You are viewing the version of this documentation from Perl 5.8.7. View the latest version

CONTENTS

NAME

Text::Balanced - Extract delimited text sequences from strings.

SYNOPSIS

 use Text::Balanced qw (
			extract_delimited
			extract_bracketed
			extract_quotelike
			extract_codeblock
			extract_variable
			extract_tagged
			extract_multiple

			gen_delimited_pat
			gen_extract_tagged
		       );

 # Extract the initial substring of $text that is delimited by
 # two (unescaped) instances of the first character in $delim.

	($extracted, $remainder) = extract_delimited($text,$delim);


 # Extract the initial substring of $text that is bracketed
 # with a delimiter(s) specified by $delim (where the string
 # in $delim contains one or more of '(){}[]<>').

	($extracted, $remainder) = extract_bracketed($text,$delim);


 # Extract the initial substring of $text that is bounded by
 # an XML tag.

	($extracted, $remainder) = extract_tagged($text);


 # Extract the initial substring of $text that is bounded by
 # a C<BEGIN>...C<END> pair. Don't allow nested C<BEGIN> tags

	($extracted, $remainder) =
		extract_tagged($text,"BEGIN","END",undef,{bad=>["BEGIN"]});


 # Extract the initial substring of $text that represents a
 # Perl "quote or quote-like operation"

	($extracted, $remainder) = extract_quotelike($text);


 # Extract the initial substring of $text that represents a block
 # of Perl code, bracketed by any of character(s) specified by $delim
 # (where the string $delim contains one or more of '(){}[]<>').

	($extracted, $remainder) = extract_codeblock($text,$delim);


 # Extract the initial substrings of $text that would be extracted by
 # one or more sequential applications of the specified functions
 # or regular expressions

	@extracted = extract_multiple($text,
				      [ \&extract_bracketed,
					\&extract_quotelike,
					\&some_other_extractor_sub,
					qr/[xyz]*/,
					'literal',
				      ]);

# Create a string representing an optimized pattern (a la Friedl) # that matches a substring delimited by any of the specified characters # (in this case: any type of quote or a slash)

$patstring = gen_delimited_pat(q{'"`/});

# Generate a reference to an anonymous sub that is just like extract_tagged # but pre-compiled and optimized for a specific pair of tags, and consequently # much faster (i.e. 3 times faster). It uses qr// for better performance on # repeated calls, so it only works under Perl 5.005 or later.

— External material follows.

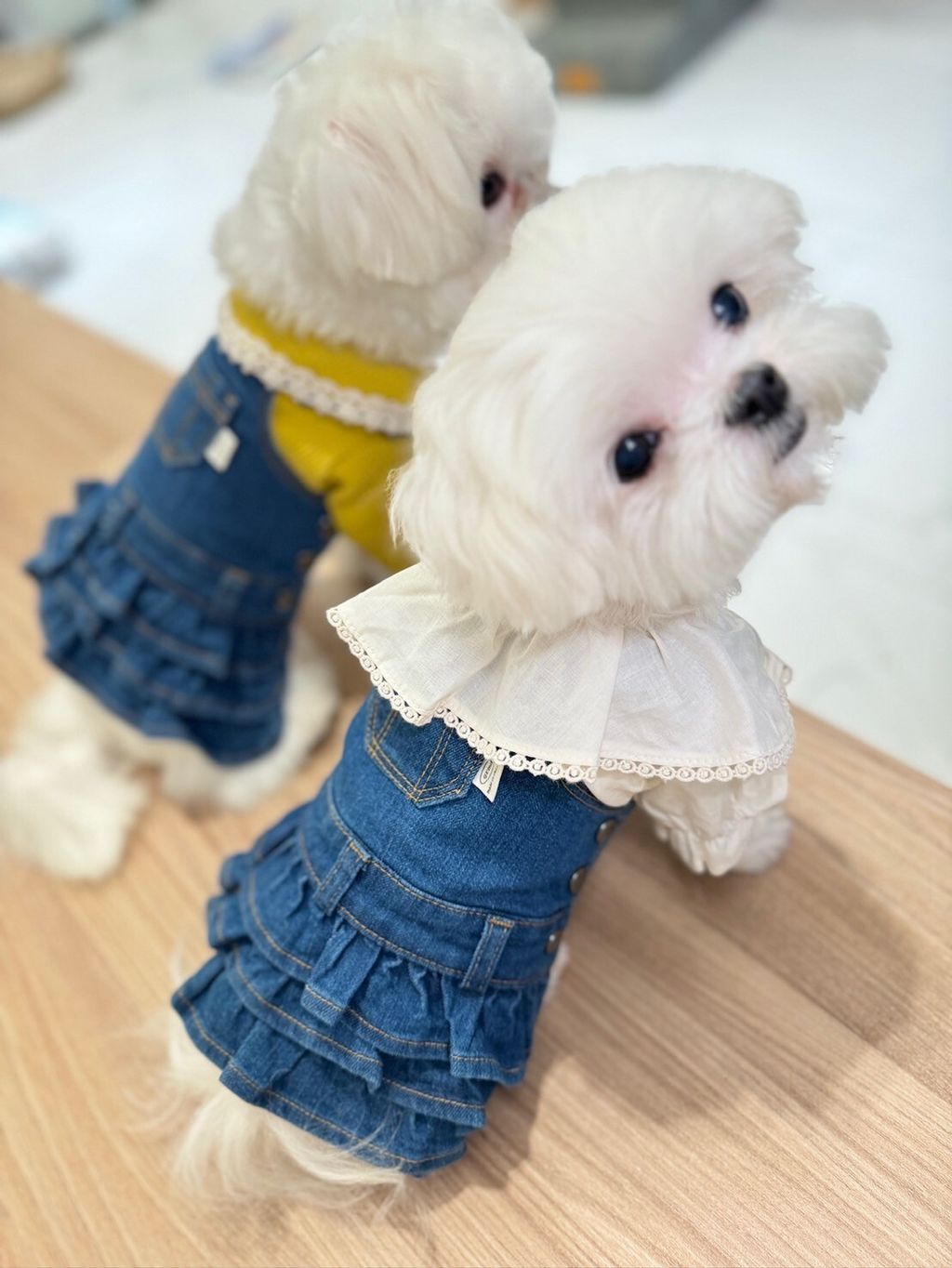 LINE_ALBUM_Grooming dog_240216_70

$extract_head = gen_extract_tagged('<HEAD>','</HEAD>');

($extracted, $remainder) = $extract_head->($text);

DESCRIPTION

The various extract_... subroutines may be used to extract a delimited substring, possibly after skipping a specified prefix string. By default, that prefix is optional whitespace (/\s*/), but you can change it to whatever you wish (see below).

The substring to be extracted must appear at the current pos location of the string's variable (or at index zero, if no pos position is defined). In other words, the extract_... subroutines don't extract the first occurance of a substring anywhere in a string (like an unanchored regex would). Rather, they extract an occurance of the substring appearing immediately at the current matching position in the string (like a \G-anchored regex would).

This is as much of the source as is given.